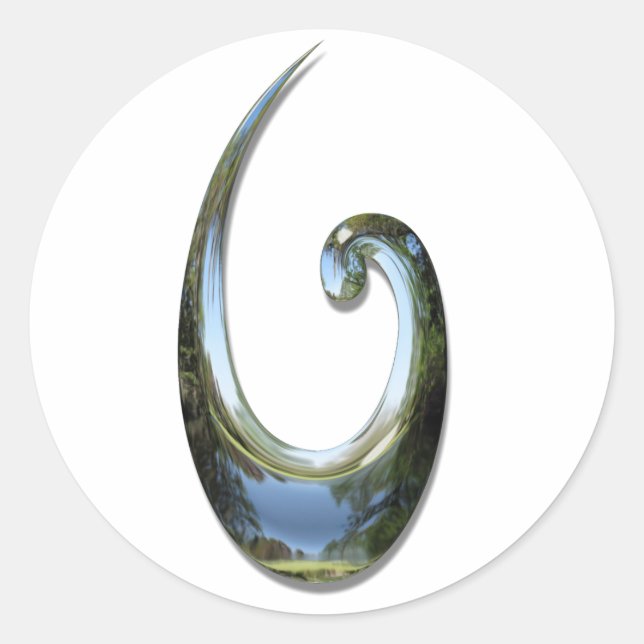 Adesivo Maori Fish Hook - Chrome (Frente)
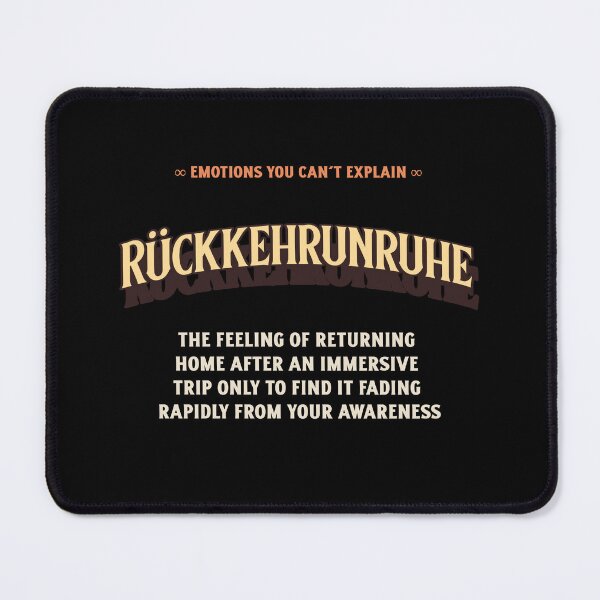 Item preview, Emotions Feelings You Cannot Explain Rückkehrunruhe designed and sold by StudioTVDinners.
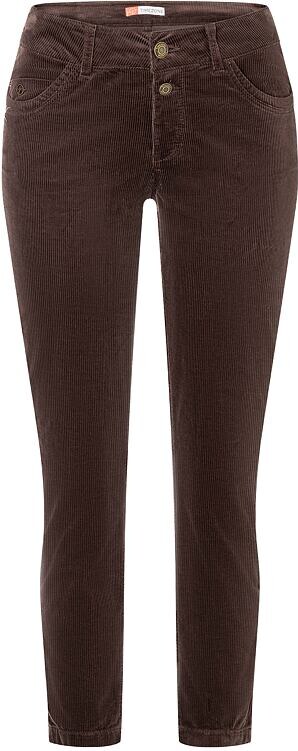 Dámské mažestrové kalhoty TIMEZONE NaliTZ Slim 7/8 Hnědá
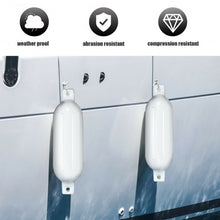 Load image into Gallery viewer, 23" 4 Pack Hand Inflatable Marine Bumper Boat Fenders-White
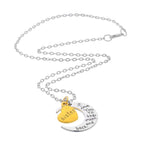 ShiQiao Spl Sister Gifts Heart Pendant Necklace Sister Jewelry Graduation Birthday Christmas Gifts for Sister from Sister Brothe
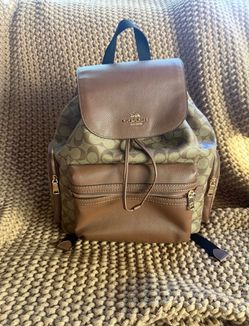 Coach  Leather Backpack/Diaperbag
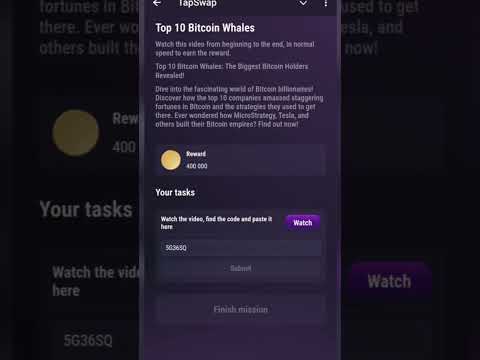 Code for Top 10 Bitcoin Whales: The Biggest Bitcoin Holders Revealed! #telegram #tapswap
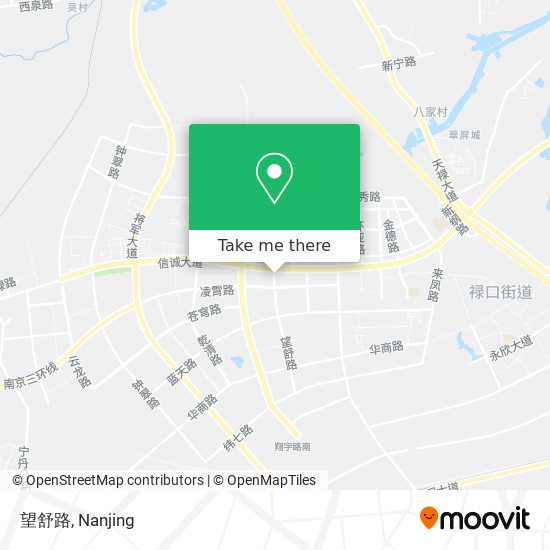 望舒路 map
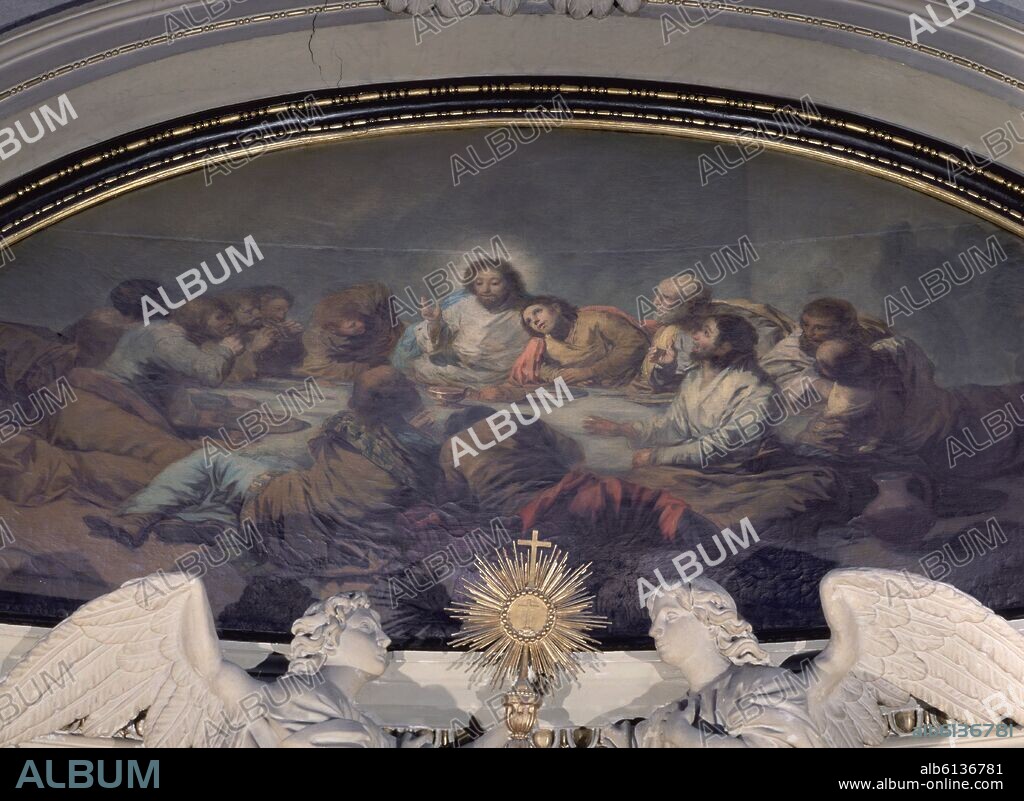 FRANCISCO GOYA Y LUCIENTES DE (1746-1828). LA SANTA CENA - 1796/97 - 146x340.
__________________________________________________
Assignment:
Write out the whole of the data exactly; the pictures stay out.

Solution to the exercise:
 Adesivo Maori Fish Hook - Chrome (Frente)
 Item preview, Emotions Feelings You Cannot Explain Rückkehrunruhe designed and sold by StudioTVDinners.
 Dámské mažestrové kalhoty TIMEZONE NaliTZ Slim 7/8 Hnědá
 Load image into Gallery viewer, 23" 4 Pack Hand Inflatable Marine Bumper Boat Fenders-White
 ShiQiao Spl Sister Gifts Heart Pendant Necklace Sister Jewelry Graduation Birthday Christmas Gifts for Sister from Sister Brothe
 Coach  Leather Backpack/Diaperbag
 Code for Top 10 Bitcoin Whales: The Biggest Bitcoin Holders Revealed! #telegram #tapswap
 望舒路 map
 FRANCISCO GOYA Y LUCIENTES DE (1746-1828). LA SANTA CENA - 1796/97 - 146x340.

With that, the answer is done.